I have been trying to understand the thinking and motives behind this idea by the Cabinet of keeping approval of privatisation transactions away from parliamentary scrutiny.

I only have conspiracy theories. Lately, we have been holding a record number of investor conferences in the capitals of rich Gulf countries and what I gather is that the feedback from these meetings is that many sovereign wealth funds from that region are interested in privatisation deals here.

I am told investors from the rich Gulf States are scared of the long approval procedures and processes that a potential investor interested in a privatisation deal in Kenya has to go through, including the risk of being dragged before Parliament to be interrogated.

It is said that the rich Arabs also have interest in public-private partnership (PPP) deals. Major changes in the PPP framework may happen in the coming months.

President William Ruto showed keen interest in the privatisation space right from the beginning of his administration.

During the first bell-ringing ceremony at the Nairobi Securities Exchange that he officiated in January, he publicly chastised the CEO of the Privatisation Commission, John Kosgey, for doing no work.

"You should refund the money we have spent on your salaries," he said, charging that the Commission had not processed any privatisation transaction in the past 13 years.

In my view, we are making a big mistake by seeking to remove parliamentary oversight in the approval of privatisation transactions.

History has taught us that when you move and transfer assets of parastatals without the involvement of constitutionally-mandated oversight bodies, you open the floodgates for the corrupt elite who will always angle to grab public assets on the cheap.

There are many examples but one individual whose exploits best illustrate the point I am making: the late Naushad Merali.

The lack of adequate oversight over privatisation deals is why oligarchs of the era of former President Daniel Arap Moi like the late Merali became instant billionaires from privatisation deals.

In 1994, he made big money purchasing shares belonging to the State-owned Industrial & Commercial Development Corporation (ICDC) in the tyre maker — Firestone East Africa — in a privatisation where the State lost Sh459 million, according to a report by then Auditor-General (Corporations) W. Kemei.
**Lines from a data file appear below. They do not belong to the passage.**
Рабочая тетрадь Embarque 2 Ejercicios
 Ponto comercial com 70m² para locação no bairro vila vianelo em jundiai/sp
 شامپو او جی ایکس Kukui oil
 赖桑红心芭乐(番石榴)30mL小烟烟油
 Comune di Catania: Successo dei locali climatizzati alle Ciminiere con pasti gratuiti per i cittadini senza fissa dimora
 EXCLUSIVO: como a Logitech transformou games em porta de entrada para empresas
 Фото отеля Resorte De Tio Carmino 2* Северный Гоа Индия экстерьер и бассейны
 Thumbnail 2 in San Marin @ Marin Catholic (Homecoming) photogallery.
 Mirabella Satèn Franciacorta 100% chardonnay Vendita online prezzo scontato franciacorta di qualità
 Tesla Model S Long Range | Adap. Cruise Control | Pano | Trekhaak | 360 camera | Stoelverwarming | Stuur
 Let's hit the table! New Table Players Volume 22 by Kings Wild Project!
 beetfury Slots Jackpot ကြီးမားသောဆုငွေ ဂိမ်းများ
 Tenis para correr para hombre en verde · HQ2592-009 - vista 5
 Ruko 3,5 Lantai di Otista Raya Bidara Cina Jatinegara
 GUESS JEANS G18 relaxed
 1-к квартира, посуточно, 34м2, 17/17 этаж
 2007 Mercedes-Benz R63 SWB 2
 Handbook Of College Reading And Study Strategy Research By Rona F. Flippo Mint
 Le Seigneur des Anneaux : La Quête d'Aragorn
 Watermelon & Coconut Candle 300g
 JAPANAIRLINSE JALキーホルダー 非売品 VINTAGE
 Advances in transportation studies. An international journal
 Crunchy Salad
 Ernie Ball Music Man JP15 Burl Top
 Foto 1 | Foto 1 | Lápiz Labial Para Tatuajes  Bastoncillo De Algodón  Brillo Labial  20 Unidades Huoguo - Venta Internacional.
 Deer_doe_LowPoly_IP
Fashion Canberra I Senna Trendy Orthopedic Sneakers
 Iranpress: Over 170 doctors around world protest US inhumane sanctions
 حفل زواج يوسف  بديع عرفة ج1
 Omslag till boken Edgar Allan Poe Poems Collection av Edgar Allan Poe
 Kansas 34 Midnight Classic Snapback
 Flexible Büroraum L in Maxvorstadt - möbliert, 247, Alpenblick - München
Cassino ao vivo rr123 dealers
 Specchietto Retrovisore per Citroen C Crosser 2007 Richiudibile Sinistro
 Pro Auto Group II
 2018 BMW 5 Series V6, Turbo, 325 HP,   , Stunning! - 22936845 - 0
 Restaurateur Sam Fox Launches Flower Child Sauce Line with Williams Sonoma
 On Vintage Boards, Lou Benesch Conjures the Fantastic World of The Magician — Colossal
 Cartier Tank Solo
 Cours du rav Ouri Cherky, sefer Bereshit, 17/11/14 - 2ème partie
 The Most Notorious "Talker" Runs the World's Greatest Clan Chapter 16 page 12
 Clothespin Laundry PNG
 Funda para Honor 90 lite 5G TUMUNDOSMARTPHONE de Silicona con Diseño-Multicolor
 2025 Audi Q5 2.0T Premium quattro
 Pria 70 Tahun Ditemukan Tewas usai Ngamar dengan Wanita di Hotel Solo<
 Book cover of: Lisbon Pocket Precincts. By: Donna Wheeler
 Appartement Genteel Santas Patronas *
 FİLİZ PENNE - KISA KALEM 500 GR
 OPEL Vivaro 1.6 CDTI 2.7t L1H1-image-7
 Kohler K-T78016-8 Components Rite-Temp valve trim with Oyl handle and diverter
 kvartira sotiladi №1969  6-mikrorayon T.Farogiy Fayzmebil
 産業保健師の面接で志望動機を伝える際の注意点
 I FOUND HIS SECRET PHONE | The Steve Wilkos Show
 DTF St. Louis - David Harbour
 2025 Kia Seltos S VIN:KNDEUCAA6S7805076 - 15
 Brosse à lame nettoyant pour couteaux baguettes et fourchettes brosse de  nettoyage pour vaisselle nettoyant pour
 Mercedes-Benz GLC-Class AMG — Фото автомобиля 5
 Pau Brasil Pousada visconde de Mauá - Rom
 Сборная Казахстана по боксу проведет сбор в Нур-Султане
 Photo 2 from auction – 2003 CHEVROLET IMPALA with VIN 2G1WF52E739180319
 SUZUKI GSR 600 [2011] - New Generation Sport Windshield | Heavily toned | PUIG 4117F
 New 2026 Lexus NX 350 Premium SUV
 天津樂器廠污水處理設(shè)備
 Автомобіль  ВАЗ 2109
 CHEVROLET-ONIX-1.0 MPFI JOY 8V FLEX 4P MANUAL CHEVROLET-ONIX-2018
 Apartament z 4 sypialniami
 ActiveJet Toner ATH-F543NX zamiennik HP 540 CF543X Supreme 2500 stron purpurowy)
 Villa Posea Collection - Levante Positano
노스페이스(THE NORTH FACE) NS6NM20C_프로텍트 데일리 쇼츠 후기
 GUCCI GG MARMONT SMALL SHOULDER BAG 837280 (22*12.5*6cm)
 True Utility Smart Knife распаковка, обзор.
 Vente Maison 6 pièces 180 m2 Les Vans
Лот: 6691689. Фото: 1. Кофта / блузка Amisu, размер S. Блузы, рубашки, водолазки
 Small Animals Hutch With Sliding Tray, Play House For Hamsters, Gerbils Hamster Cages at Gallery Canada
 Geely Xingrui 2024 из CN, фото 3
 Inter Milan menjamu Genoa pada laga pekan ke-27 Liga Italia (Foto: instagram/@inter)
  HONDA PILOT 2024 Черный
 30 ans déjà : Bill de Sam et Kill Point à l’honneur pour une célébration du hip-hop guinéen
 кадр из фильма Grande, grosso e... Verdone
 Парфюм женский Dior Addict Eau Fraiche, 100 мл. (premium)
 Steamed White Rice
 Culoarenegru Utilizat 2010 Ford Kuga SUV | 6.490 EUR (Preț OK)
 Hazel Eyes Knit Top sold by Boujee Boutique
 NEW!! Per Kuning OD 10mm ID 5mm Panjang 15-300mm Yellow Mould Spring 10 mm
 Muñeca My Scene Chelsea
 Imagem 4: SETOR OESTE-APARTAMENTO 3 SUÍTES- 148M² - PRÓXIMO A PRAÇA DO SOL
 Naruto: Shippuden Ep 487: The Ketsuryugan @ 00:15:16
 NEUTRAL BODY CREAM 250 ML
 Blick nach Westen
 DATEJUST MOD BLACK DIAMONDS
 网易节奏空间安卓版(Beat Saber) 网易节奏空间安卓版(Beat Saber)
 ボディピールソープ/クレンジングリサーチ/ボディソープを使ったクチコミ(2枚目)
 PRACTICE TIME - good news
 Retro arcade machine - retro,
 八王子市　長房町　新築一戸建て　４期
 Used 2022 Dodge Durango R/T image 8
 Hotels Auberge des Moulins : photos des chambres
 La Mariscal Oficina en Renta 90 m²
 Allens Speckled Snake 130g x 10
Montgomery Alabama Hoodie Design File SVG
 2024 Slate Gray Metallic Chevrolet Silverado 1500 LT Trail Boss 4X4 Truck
The liberalisation of the telecoms sector in 1999 also opened the door for local oligarchs to make billions from privatisation transactions.

Teaming up with the French media giant Vivendi in a joint venture in which he owned a 40 percent stake in the envisaged local telco, they clinched the second mobile telephony licence, for KenCell, at $55 million (Sh5.5 billion at current exchange rates).

Did Merali pay the billions for the shares or was it another case of free carried interest (FCI) for the well-connected, as happened in the infamous Mobitelea case?

And what prompted Vivendi to sell KenCell to Celtel after only five years? We may not have the answers, but I recently came across correspondence showing that a French court had investigated transactions between Vivendi, Naushad and shell companies based in Mauritius for money laundering and other suspicious transactions.